Shortly before Christmas, I was lulled in. With lockdown in full swing and no family to visit over Christmas, I signed up for the Xbox Game Pass Ultimate – giving me access to a decent library of Xbox and PC games for a monthly subscription fee.
But when the introductory discount offer expired, I had a decision to make: stick with Xbox Game Pass Ultimate or downgrade to the cheaper Xbox Game Pass for the console only. I don’t play many games on the PC, so the cheaper package seemed like the best option. However, it’s not that straightforward.
Below, I’ll discuss the factors you need to take into account when choosing an Xbox Games Pass subscription package and why I ended up staying on Xbox Games Pass Ultimate.
What’s the difference between Xbox Games Pass and Xbox Game Pass Ultimate?
The main differences between Xbox Game Pass (for either PC or console separately) or Xbox Game Pass Ultimate (which gives you access to both PC and console games) are detailed in the table below.
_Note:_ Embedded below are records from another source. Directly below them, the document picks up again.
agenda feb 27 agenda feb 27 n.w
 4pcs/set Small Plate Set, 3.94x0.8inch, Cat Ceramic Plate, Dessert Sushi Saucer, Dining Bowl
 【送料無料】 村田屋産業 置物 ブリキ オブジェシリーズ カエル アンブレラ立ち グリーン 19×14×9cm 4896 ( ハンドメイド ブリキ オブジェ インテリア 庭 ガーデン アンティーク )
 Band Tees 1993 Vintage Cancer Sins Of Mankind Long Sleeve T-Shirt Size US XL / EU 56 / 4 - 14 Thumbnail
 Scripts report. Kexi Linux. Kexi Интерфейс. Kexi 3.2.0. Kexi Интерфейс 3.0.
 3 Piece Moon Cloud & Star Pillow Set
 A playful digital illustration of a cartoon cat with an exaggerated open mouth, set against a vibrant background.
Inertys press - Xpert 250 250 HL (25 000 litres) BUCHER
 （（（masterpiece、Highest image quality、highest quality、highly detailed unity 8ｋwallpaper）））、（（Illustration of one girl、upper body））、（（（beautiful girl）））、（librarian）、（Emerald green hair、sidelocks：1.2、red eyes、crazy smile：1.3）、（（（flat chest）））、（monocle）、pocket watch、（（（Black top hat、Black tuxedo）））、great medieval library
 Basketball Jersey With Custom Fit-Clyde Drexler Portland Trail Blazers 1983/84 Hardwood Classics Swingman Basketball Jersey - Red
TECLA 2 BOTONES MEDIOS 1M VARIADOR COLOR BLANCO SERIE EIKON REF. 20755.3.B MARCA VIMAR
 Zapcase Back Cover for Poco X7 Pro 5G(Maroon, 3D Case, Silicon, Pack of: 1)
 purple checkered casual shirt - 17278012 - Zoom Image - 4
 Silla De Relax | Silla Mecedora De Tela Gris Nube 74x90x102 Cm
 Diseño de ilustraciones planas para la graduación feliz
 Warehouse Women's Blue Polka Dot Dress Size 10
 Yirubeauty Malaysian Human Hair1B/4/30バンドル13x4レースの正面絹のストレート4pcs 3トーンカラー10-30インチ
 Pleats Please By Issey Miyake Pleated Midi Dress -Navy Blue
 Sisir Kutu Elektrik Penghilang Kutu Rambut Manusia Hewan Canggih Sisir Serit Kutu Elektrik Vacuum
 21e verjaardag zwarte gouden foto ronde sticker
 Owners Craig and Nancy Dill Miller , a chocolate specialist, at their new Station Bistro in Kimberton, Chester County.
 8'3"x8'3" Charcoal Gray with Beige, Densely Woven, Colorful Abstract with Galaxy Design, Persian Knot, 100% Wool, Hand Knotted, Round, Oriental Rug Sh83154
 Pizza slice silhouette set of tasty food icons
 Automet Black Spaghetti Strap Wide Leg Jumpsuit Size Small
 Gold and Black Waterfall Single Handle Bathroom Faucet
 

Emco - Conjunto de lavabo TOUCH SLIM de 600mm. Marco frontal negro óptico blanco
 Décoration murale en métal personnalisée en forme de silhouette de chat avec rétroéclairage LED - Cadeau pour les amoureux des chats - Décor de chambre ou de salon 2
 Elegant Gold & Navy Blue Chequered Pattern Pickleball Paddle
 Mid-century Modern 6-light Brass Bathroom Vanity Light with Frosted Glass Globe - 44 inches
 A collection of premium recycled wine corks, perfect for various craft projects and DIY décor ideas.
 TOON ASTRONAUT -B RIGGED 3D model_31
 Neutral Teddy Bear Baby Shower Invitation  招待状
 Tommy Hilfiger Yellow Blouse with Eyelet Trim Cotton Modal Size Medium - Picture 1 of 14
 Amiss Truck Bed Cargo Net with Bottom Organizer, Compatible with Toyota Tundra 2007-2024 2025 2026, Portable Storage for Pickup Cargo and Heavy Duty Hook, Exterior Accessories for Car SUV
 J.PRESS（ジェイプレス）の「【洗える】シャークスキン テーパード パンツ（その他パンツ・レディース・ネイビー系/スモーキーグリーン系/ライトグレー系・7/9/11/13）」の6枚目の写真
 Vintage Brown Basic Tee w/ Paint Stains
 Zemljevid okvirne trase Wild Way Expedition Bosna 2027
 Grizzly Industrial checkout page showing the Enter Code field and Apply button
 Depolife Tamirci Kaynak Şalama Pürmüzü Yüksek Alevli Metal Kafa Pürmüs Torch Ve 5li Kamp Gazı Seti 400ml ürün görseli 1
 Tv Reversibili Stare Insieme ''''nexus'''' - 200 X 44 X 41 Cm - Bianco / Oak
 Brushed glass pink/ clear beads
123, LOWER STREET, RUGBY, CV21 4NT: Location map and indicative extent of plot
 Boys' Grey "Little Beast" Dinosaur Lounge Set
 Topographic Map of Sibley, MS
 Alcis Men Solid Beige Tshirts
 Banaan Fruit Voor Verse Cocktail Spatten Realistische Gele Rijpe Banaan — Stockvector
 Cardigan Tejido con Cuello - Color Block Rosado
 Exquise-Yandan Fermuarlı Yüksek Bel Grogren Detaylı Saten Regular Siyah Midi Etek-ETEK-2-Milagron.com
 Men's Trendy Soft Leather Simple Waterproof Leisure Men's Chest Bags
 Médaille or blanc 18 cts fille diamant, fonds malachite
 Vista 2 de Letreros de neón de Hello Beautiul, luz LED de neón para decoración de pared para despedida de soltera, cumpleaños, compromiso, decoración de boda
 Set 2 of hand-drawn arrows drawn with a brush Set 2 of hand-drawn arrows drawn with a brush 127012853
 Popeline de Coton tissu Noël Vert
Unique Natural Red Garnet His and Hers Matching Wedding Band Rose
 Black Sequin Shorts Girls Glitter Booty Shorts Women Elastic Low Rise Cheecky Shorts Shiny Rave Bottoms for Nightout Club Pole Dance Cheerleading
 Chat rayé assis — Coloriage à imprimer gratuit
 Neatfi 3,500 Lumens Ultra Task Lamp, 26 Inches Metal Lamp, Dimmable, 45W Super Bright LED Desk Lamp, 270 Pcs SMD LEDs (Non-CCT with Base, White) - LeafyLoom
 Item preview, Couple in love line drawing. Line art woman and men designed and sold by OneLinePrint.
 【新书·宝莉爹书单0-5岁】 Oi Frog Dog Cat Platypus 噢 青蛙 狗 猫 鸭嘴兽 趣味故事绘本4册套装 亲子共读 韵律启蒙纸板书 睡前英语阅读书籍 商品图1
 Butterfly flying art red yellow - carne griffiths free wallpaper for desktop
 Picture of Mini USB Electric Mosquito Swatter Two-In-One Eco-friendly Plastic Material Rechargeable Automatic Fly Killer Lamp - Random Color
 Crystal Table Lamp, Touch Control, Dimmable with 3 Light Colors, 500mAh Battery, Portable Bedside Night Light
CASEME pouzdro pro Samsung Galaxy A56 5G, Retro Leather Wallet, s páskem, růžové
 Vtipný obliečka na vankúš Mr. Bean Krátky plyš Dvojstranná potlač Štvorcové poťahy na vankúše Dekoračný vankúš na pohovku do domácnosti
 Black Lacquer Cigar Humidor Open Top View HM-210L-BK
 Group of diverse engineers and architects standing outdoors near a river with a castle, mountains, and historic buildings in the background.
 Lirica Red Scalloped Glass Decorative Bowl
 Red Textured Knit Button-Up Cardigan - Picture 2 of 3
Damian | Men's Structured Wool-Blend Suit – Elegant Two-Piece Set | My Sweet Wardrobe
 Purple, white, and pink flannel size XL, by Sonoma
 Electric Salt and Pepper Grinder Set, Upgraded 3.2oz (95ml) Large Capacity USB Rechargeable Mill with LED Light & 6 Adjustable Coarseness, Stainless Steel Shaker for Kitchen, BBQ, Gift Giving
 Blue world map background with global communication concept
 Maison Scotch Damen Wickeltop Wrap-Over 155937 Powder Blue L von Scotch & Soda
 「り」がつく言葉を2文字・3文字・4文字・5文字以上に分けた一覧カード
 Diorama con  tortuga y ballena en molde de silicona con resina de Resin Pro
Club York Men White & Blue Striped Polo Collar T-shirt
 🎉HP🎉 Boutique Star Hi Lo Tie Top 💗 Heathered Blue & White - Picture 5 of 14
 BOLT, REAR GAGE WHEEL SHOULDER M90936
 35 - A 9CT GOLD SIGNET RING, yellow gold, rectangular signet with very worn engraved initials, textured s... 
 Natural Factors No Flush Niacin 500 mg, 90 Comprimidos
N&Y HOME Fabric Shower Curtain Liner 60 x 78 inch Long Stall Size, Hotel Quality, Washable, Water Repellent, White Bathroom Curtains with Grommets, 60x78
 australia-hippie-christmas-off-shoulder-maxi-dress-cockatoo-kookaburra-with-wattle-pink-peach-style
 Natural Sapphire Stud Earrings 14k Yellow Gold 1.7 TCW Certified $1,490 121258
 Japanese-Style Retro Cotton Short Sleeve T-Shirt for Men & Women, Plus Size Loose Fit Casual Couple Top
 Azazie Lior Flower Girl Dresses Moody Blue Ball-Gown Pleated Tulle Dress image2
|PRICE||£10.99 per month||£7.99 per month||£7.99 per month|
|WHAT’S INCLUDED||100+ PC and console games||100+ PC games||100+ console games|
|EA Play games and content|
|Xbox Live Gold|
|Stream to Android devices|
The most eye-catching extra in the Ultimate package is the inclusion of Xbox Live Gold. Basically, to play the majority of online games, you will need an Xbox Live Gold subscription, which isn’t included with the regular Xbox Games Pass.
Microsoft cheekily claims the Xbox Live Gold subscription alone is worth £6.99 per month, which may be true if you pay monthly direct from Microsoft, but you can often pick up discounts online that mean a 12-month Xbox Live Gold subscription can be found for £40 or less.
Nevertheless, given that the annual difference between an Xbox Games Pass Ultimate subscription and a regular Xbox Games Pass is £36 (£132 versus £96), you might as well upgrade to Ultimate. After all, this means you benefit from mobile stream and the EA Play games; think last year’s sports titles and various games from the Star Wars catalogue.
The only reason the cheaper Game Pass makes sense is if you never bother with games that require Xbox Live. It’s worth pointing out that Microsoft recently dropped the requirement to have an Xbox Live Gold subscription to play multiplayer in free-to-play games such as Fortnite and Rocket League.
One more thing…
If you’ve just stumped up to renew your annual Xbox Live Gold subscription and are now worried you’re effectively going to be paying twice for the same thing if you opt for Ultimate, relax. Microsoft takes into account credit remaining on your Xbox Live Gold subscription and applies it to your Xbox Game Pass Ultimate billing.
Consequently, even though I signed up for Xbox Game Pass Ultimate in late December, I won’t pay my first month’s subscription until early June, as I’d only just renewed Xbox Live Gold for a year.